On Thursday night, CNN correspondent Diana Magnay did a report from a hill in southern Israel, where a group of Israelis had gathered to watch the beginning of the ground invasion of the Gaza Strip. As Magnay described the missiles flying through the sky behind her, the spectators could be heard cheering on the bombardment. “It is an astonishing, macabre and awful thing to watch this display of fire in the air,” she told Wolf Blitzer before signing off.
Shortly afterwards, Magnay posted this tweet:
She quickly removed the message, but not before it had been favorited and retweeted by hundreds of people. Unsurprisingly, the tweet — along with its deletion — led observers to speculate as to whether Magnay was capable of reporting on Israel and Gaza “objectively,” while others wondered if CNN had censored an employee’s social media presence. By Friday, she had been reassigned to Moscow.
CNN told the Huffington Post’s Michael Calderone that Magnay had not intended to call all Israelis “scum” — just the ones present for the segment, who were said to have “threatened and harassed” Magnay and her colleagues “before and during a liveshot.” “Diana reacted angrily on Twitter,” said a network spokesperson. “She deeply regrets the language used, which was aimed directly at those who had been targeting our crew.
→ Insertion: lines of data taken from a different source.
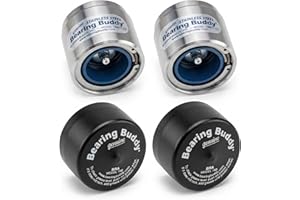 Stainless Steel Bearing Protectors (1.980) with Auto Cheque With Bras - Pair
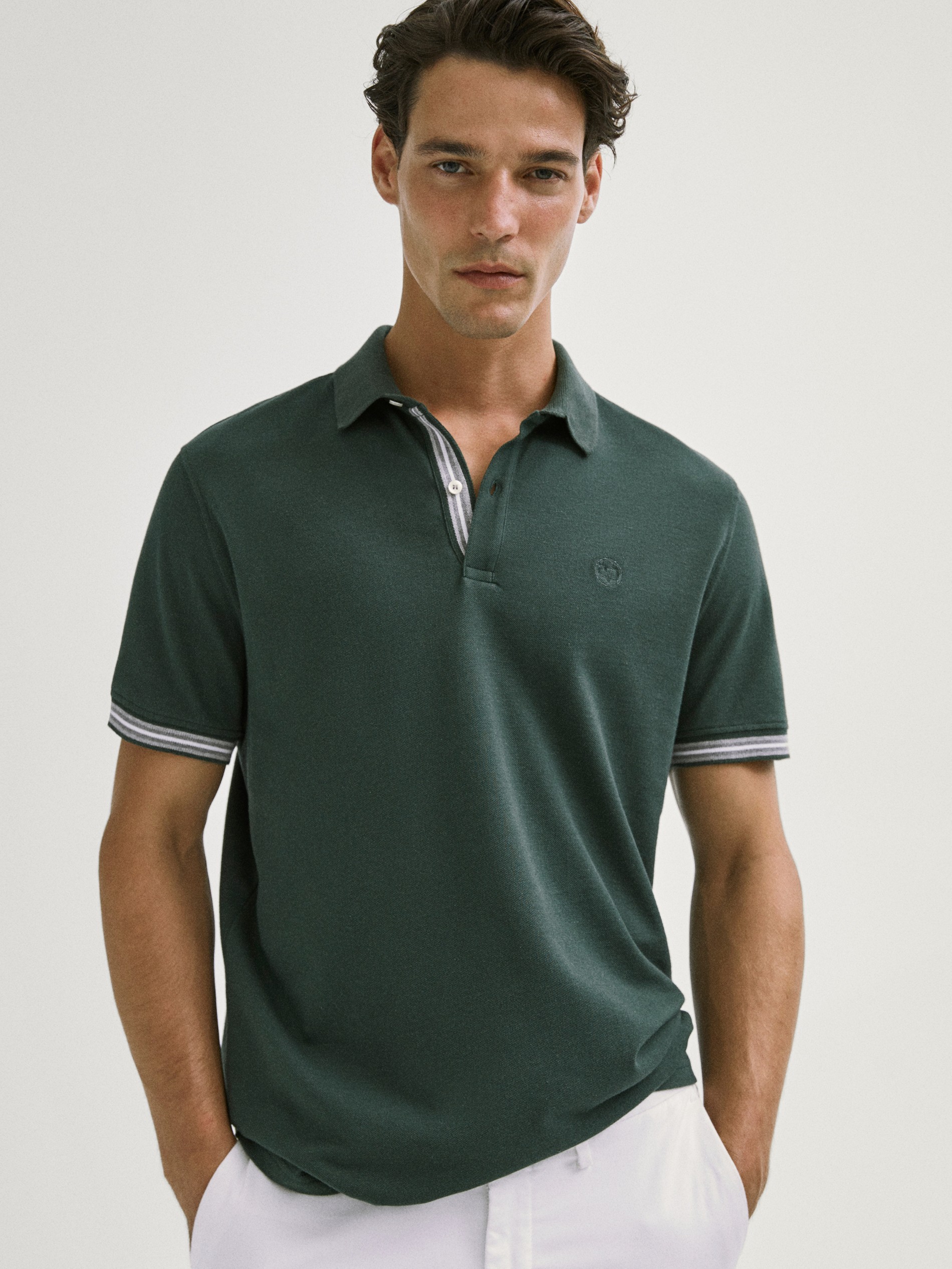 polos caballero massimo dutti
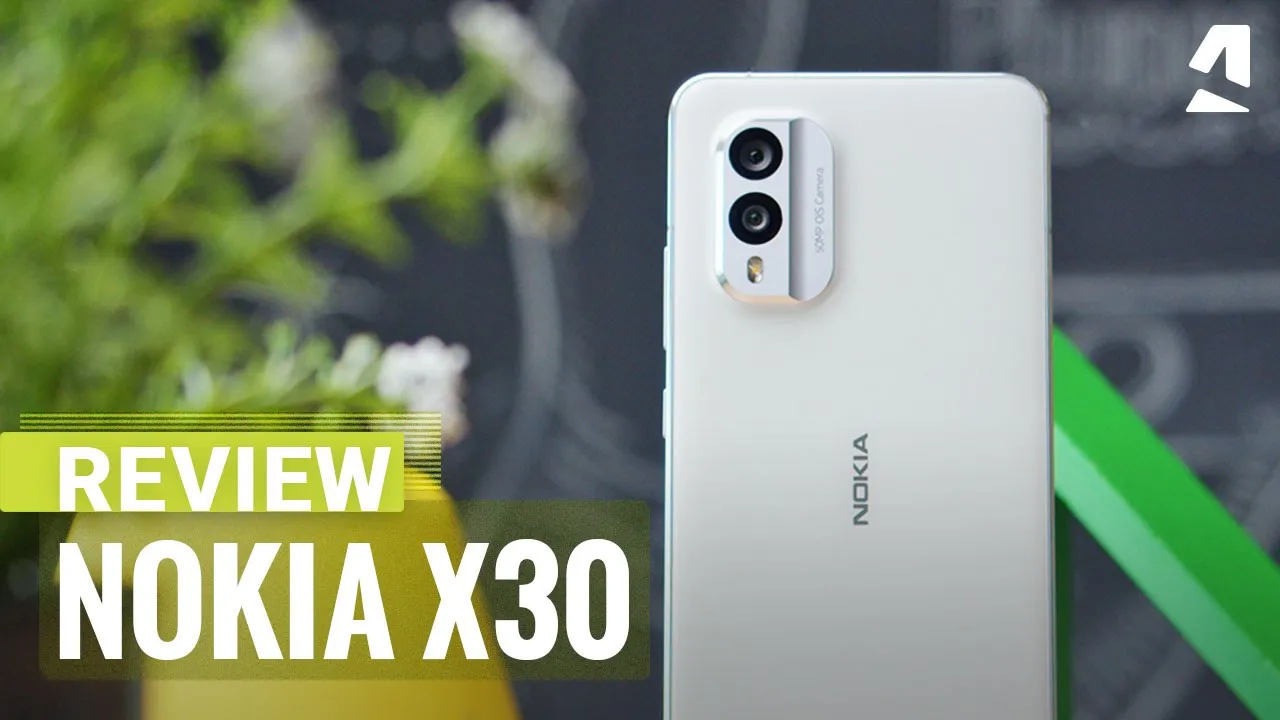 Vido-Test de Nokia X30 par GSMArena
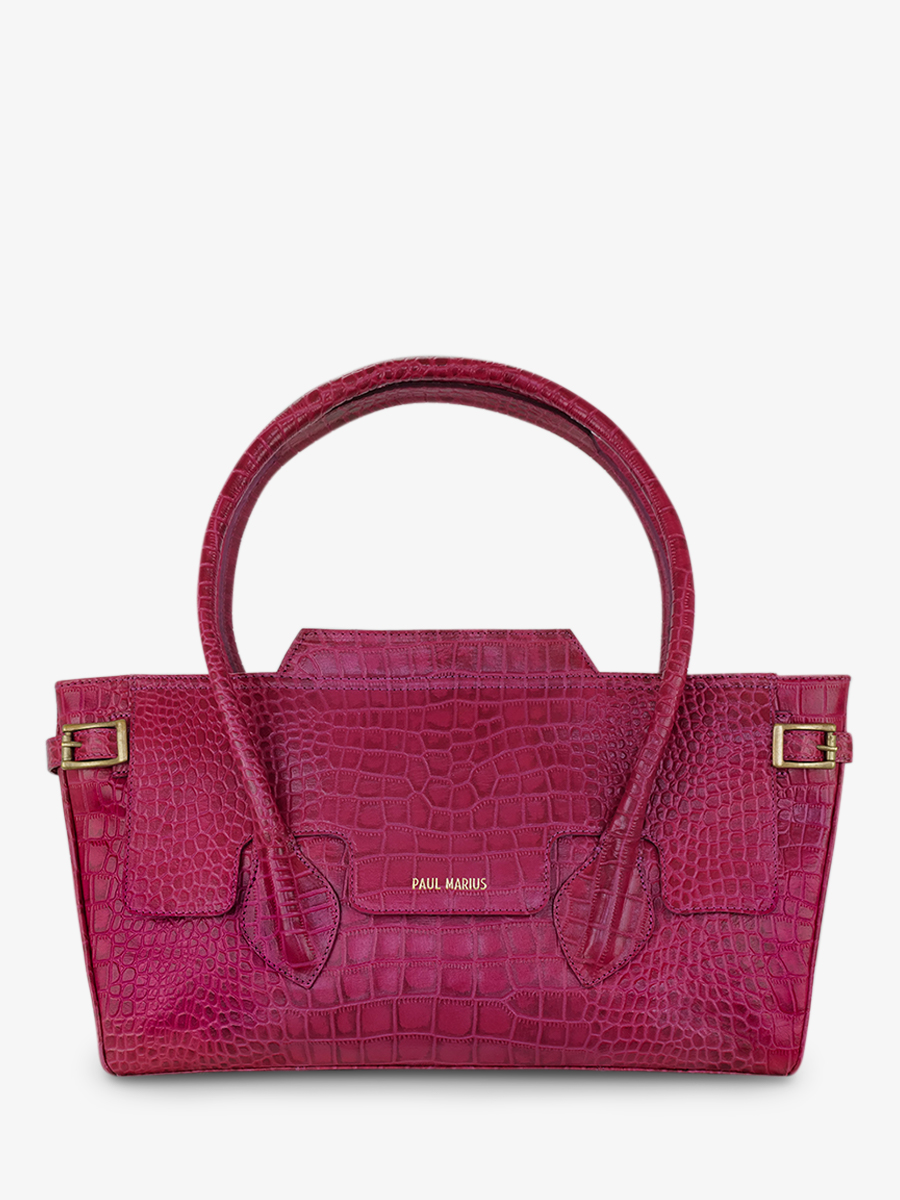 foto-vista-laterale-borsa-a-mano-in-pelle-donna-madeleine-alligator-rosa-paul-marius-w31-a-pi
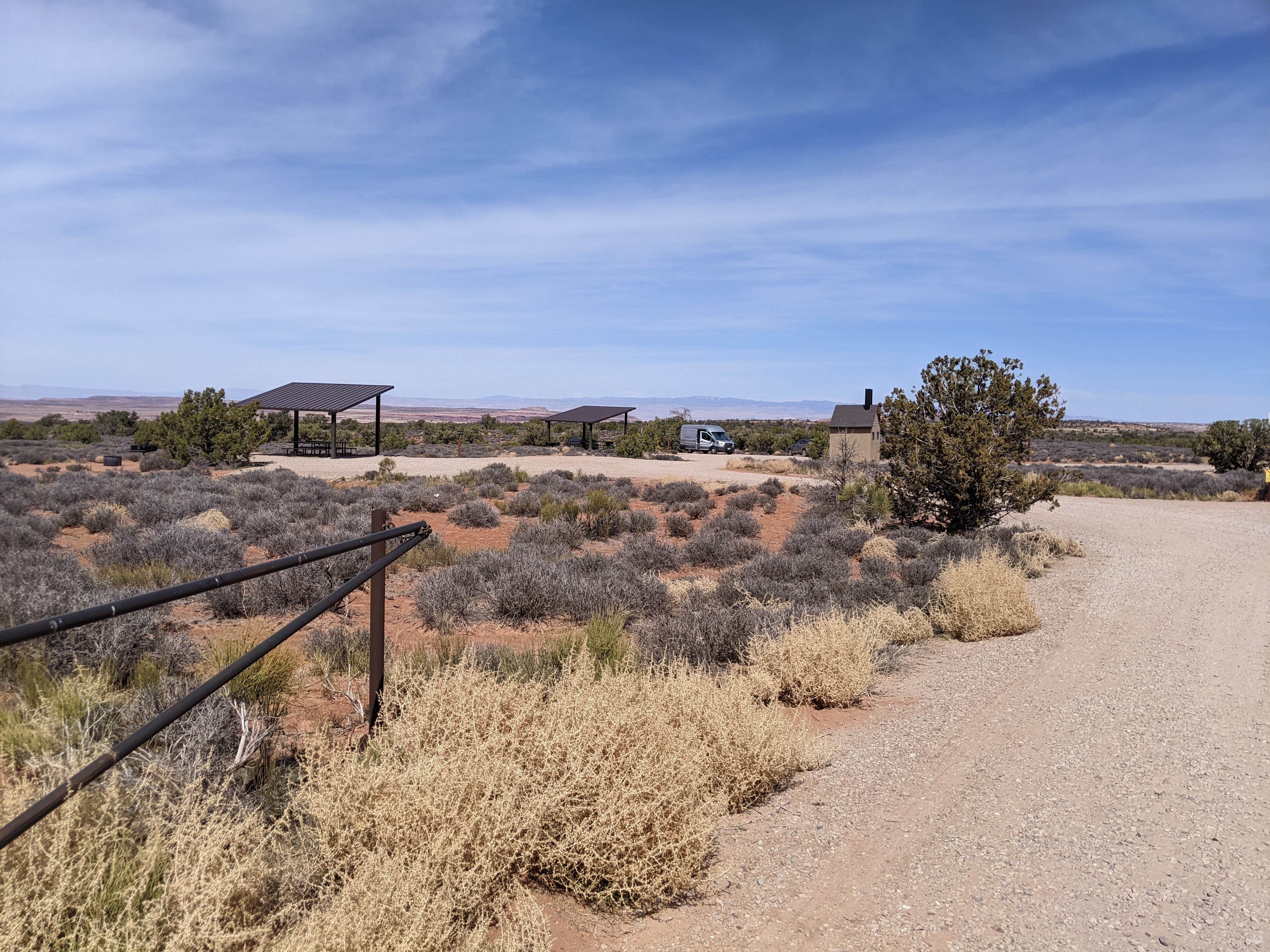 Camper submitted image from BLM Horsethief Group Campground - 5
She certainly meant no offense to anyone beyond that group, and she and CNN apologize for any offense that may have been taken.”
CNN’s decision to remove Magnay from Gaza comes just after NBC — citing “security concerns” — pulled correspondent Ayman Mohyeldin from the area after his moving account of the deaths four Palestinian children in an Israeli air strike. While the circumstances surrounding Magnay and Mohyeldin’s removals are slightly different, their situations have given people on both sides of the conflict more reason to feel that the media isn’t being fair when it comes to reporting what’s happening in Israel and Gaza.